My smiling self places the newest "must have" on top of the ceiling high pile of other "must haves" that aren't built...yet. 

I know I'm not the only one doing it on a regular basis. Why do we do this?? 

And if anybody can help me figure out how to post a pic of my pile ...plez do so. (sheer dumb luck I got that WF ofoto album to show )


----------



## Prince of Styrene II (Feb 28, 2000)

Well, to the top of that PL E in the center of the stash there, I'd say about 5 1/2 feet tall by 6 plus feet wide. There's still more to the left you can't see in this shot. The pile's changed a bit (for the larger, of course!) but it's essentially the same.
http://planetmyhill.com/Modelmaster/PICS/ModelRoom.jpg

As for why we do it... for me it's a matter of income vs. availability (of said income & the kit). If I have the money now, I'll buy it, for I may not have the cash later or the kit may not be available (or easily findable) later.
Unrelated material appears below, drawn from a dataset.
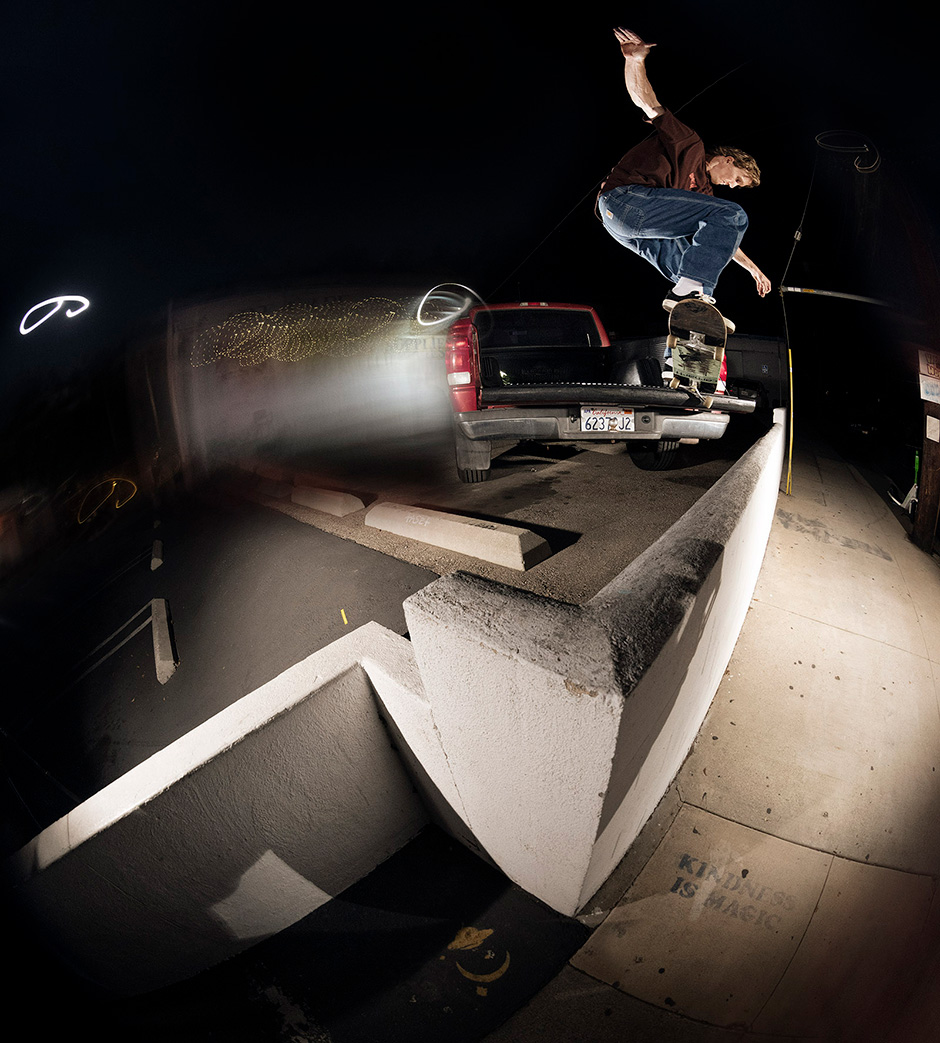 Josh Pall Crooked grinds the bumper of his own car out in LA. Photo shot by Andrew James Peters and selected by Trent Evans for his Slam City Skates 5000 Words interview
Now if you want to see something really impressive, check out John P's stash!!!  
That dude is insulating his attic with all the extra kit's he has!!


----------



## John P (Sep 1, 1999)




----------



## PhilipMarlowe (Jan 23, 2004)

No wonder I can't find a DS9 Runabout, John bought em all!


----------



## KUROK (Feb 2, 2004)

JohnP,

If you croak before you finish all of those, can you will some to me?


----------



## RonH (Apr 10, 2001)

When reading the thread title, thought for a moment this was another one in need of locking down . . . :tongue: 

Hiya AV.


----------



## almostvirgin (May 26, 2002)

Hey Ron, long time no see (at least 4 me) :wave: 

Looks like John is thus far KING OF THE PILES. Goodness me, the sheer decadence...the waste...the...oh wait.. was that a model I've been looking for ??!!


----------



## Lloyd Collins (Sep 25, 2004)

That can't be John's pile! He must of took pictures at a hobby store. 
What are you waiting for? Build,build...!

For me I have models scattered over 3 rooms ,and the attic.
For me, I buy when I see them, so as to not miss them. I don't know how many I wanted, but lost getting. I always said to my self, next time. Wrong choice!


----------



## El Gato (Jul 15, 2000)

John, you ought to be ashamed of yourself! There are modelers in Africa with NOTHING to build. Now go down to your basement and finish your models!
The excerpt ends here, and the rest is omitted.